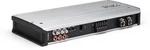 Mtx Thunder TH1400.5 100W + 500W Car Amplifier Open. Price: $807.45.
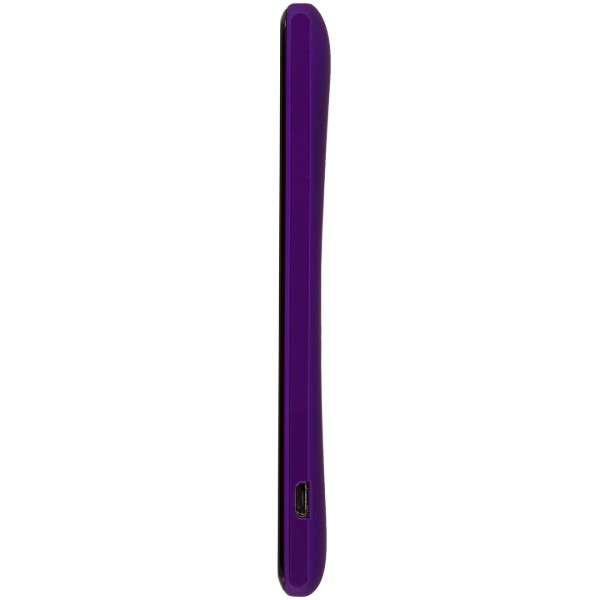 Фото - Смартфон Sony Xperia M DS C2005 Purple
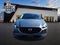 2024 Mazda Mazda CX-30 2.5 S Carbon Edition
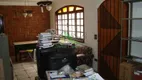 Foto 38 de Sobrado com 3 Quartos à venda, 198m² em Vila Campesina, Osasco
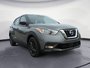 Nissan Kicks S 2020
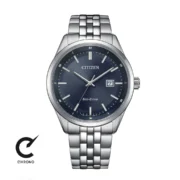 ساعت مچی سیتیزن مدل BM7560-59L
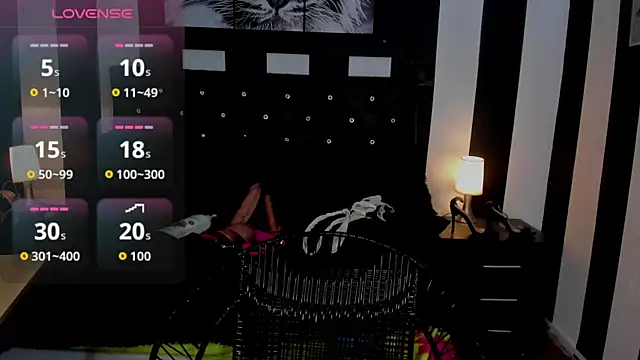 dirtyBBWplay online show from 11.11.25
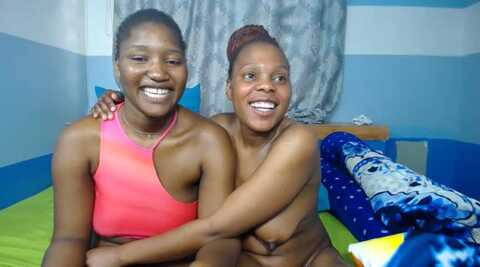 freakychics @ stripchat on 20230914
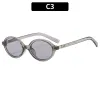 C3-Ash-Penetrating Lt.Grey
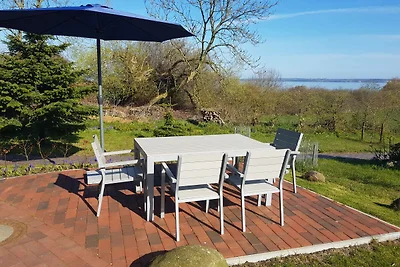 Schmugglerkoje - Altes Zollhaus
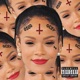 Rihanna feat Cameron Azi Single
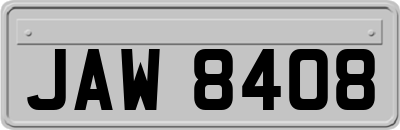 JAW8408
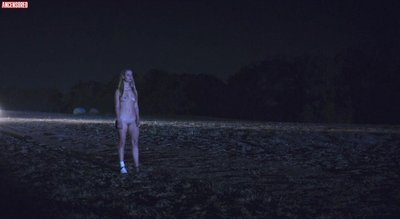 Лейси Кофран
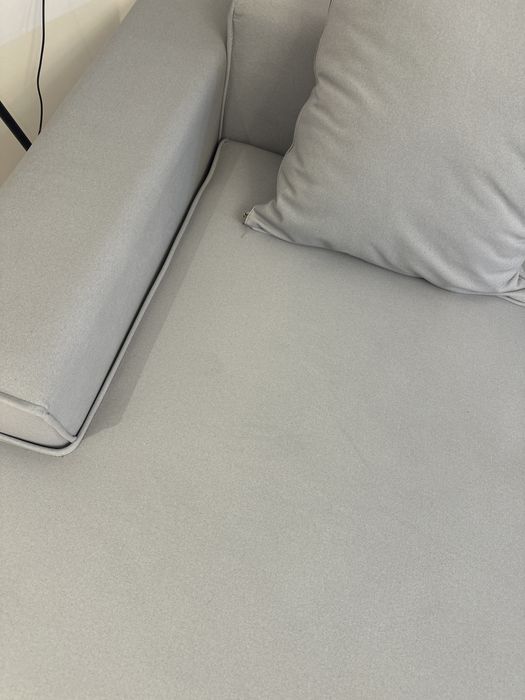 Продается диван 3м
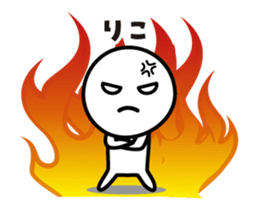 440846708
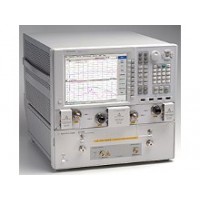 Agilent N4376D 回收 光波元器件分析仪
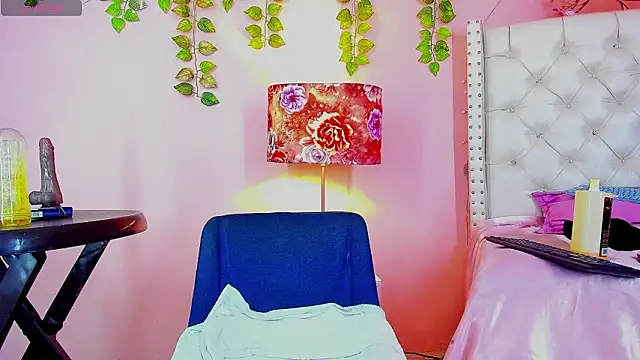 bruno_do_santos webcam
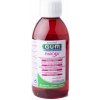 G.U.M Paroex CHX 0,12% 300 ml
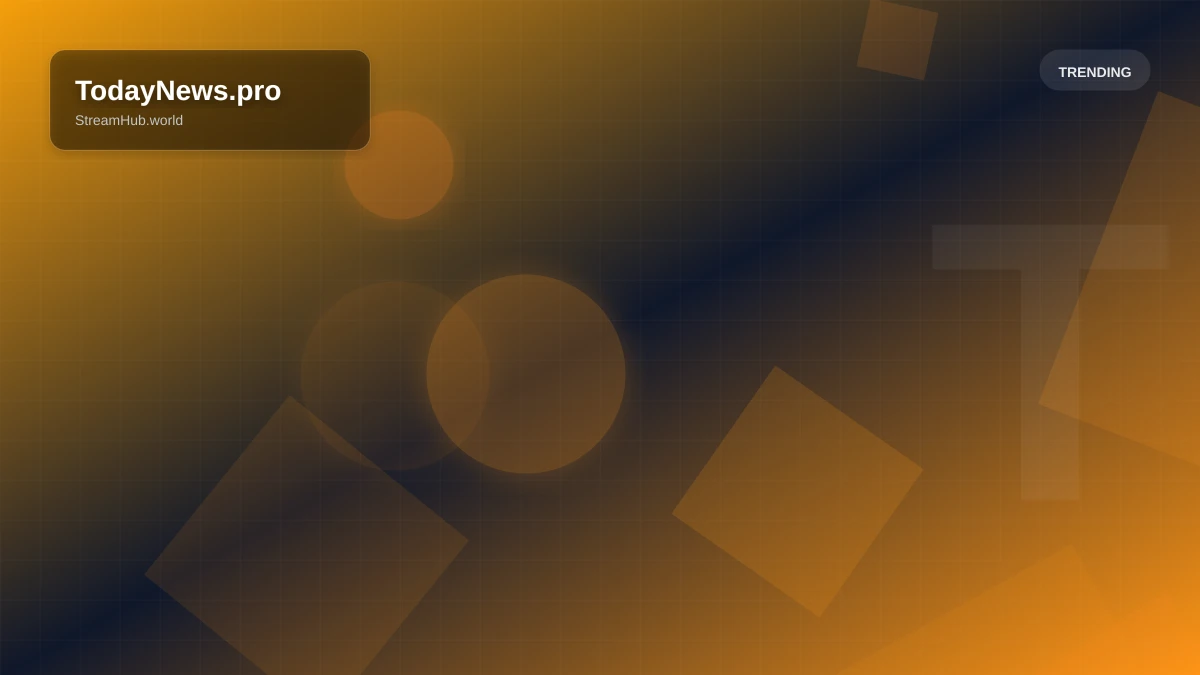 The Dawn of Digital Immutability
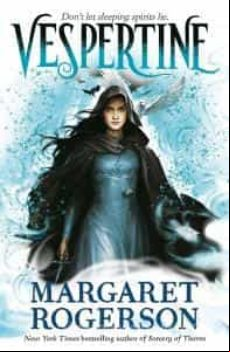 Vespertine
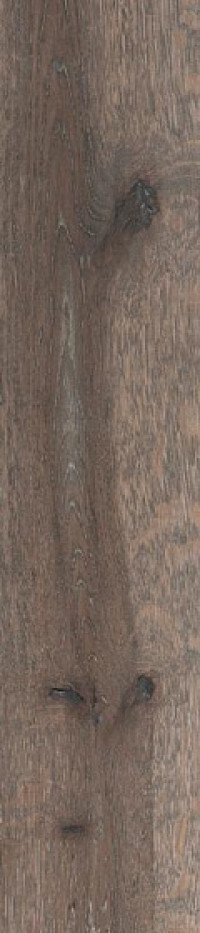 Керамогранит Wow 50x10 Love Affairs Timber Strip Brown 114693 Керамогранит Wow 50x10 Love Affairs Timber Strip Brown 114693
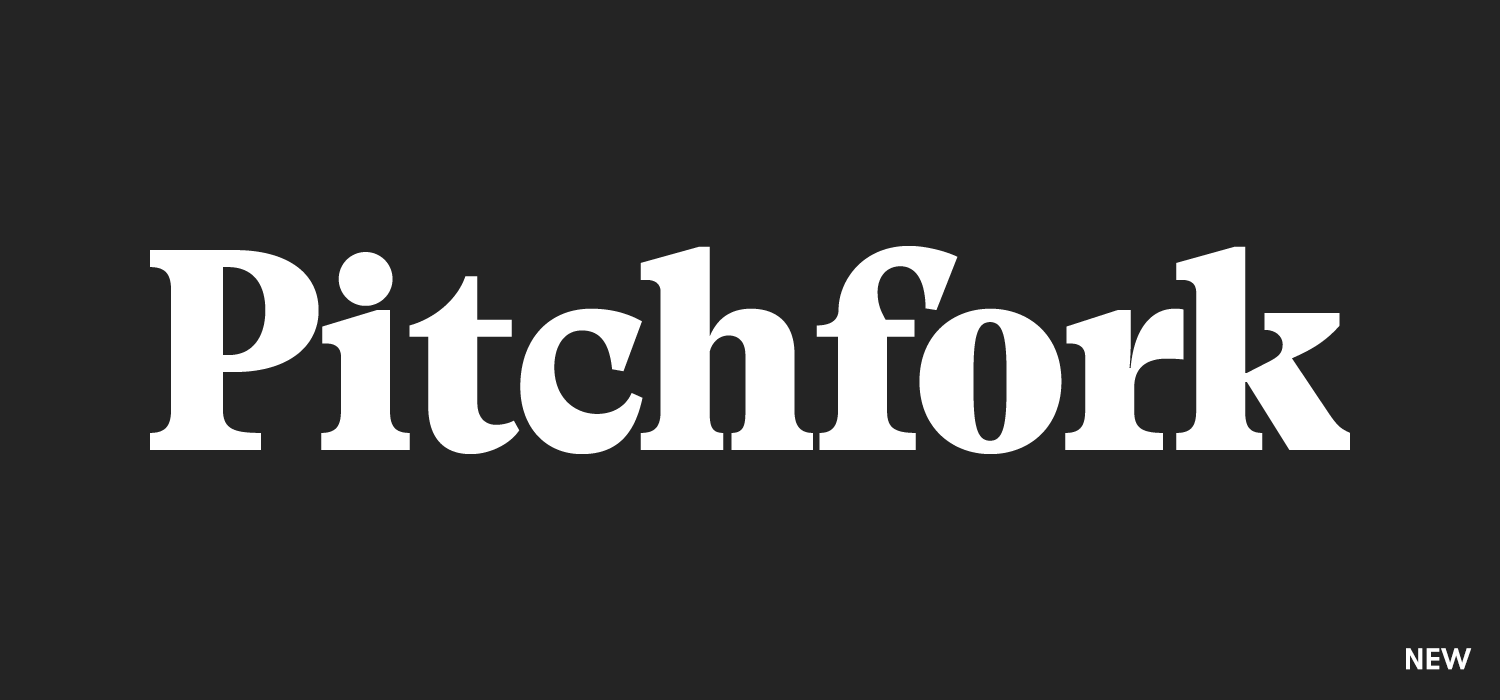 pitchfork preview 5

__Description of the task__: Copy exactly the lines that run from the line containing "Agilent N4376D 回收 光波元器件分析仪" to the end of the data above, keeping both end lines and leaving out all pictures.

__Task response__:
 Agilent N4376D 回收 光波元器件分析仪
 bruno_do_santos webcam
 G.U.M Paroex CHX 0,12% 300 ml
 The Dawn of Digital Immutability
 Vespertine
 Керамогранит Wow 50x10 Love Affairs Timber Strip Brown 114693 Керамогранит Wow 50x10 Love Affairs Timber Strip Brown 114693
 pitchfork preview 5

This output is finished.